Épargné par une sorte de miracle au commencement de la Terreur, le marquis
de Vrigny, qui était comme l'incarnation de la féodalité en ce qu'elle avait
de plus impopulaire, fut arrêté en I794 et envoyé à l'échafaud sur la
dernière charrette.
Il ne laissait qu'un fils, Antoine de Vauquelin, pauvre idiot interné
pendant de longues années dans le château de Soisy, où il mourut en 1829. La
race des Vauquelin finissait dans la folie. Pour qui sait l'histoire de
Nicolas des Yveteaux, ne semble-t-elle pas avoir commencé par là ? Le
château de Vrigny, épargné au moment de la Révolution, en dépit de
l'impopularité de son maître, fut après la mort du dernier marquis vendu à
la "bande noire". Il fut ensuite acheté par Monsieur Hellouin de Cénival et
presque entièrement démoli par lui. Monsieur Leger, propriétaire au milieu
du XIXe siècle, acquit la terre de Vrigny et transforma les communs, seuls
restes de l'ancien château, en une habitation élégante et confortable. M.

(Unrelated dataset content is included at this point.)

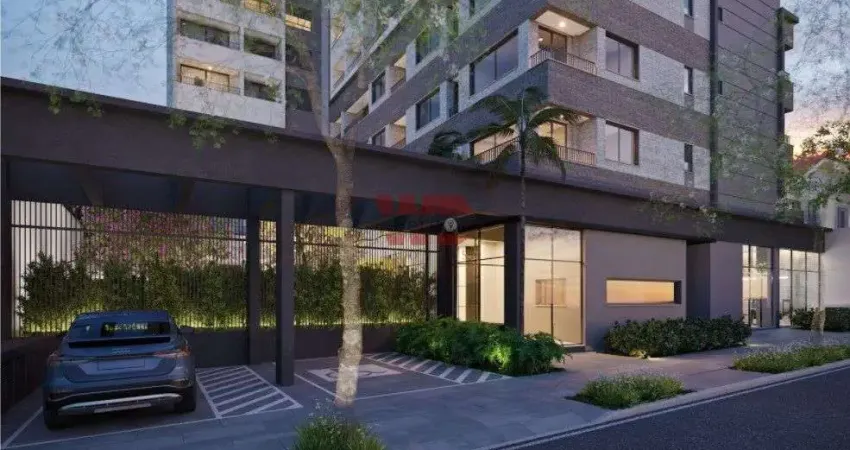 Apartamento com 1 quarto à venda na Rua Doutor Tomás Alves, 110, Vila Mariana, São Paulo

Leger était déjà possesseur du petit manoir de la Lande-Terrée, que les
Vauquelin avaient habité. Soucieux des souvenirs de la vieille maison
normande, dont il se trouvait être deux fois le successeur, M. Leger a
recherché et recueilli à Vrigny tout ce qui paraissait provenir des
Vauquelin. Un curieux panneau, retrouvé et replacé par lui dans le salon
donne le portrait du marquis en habit de cour et, plus bas, dans un
médaillon, celui de la marquise costumée en Bellone et armée d'un javelot.
N'est-il pas le symbole exact de cette race très singulière de courtisans,
de gens de guerre et de poètes, faite pour des temps lointain pour le Louvre
ou pour l'Olympe, et morte à l'heure opportune, au début des jours nouveaux.
(1)
château de Vrigny 61570 Boischampré, propriété privée, ne se visite pas.